Working data
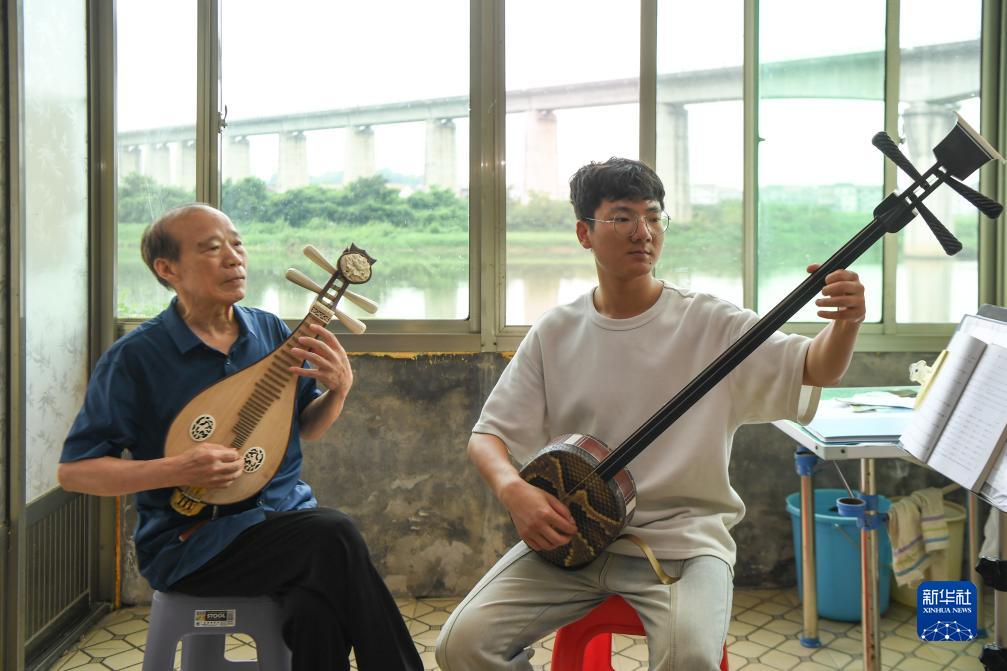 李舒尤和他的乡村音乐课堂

...

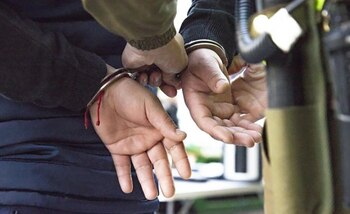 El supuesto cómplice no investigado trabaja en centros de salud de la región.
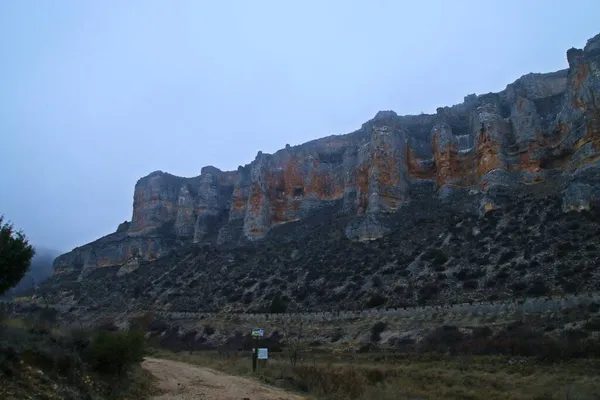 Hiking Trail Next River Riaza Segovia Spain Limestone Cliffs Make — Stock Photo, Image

Exercise description
Leaving out each picture, repeat exactly the lines above from the one that contains "El supuesto cómplice" through the one that contains "Hiking Trail Next".

Solved problem
 El supuesto cómplice no investigado trabaja en centros de salud de la región.
 Hiking Trail Next River Riaza Segovia Spain Limestone Cliffs Make — Stock Photo, Image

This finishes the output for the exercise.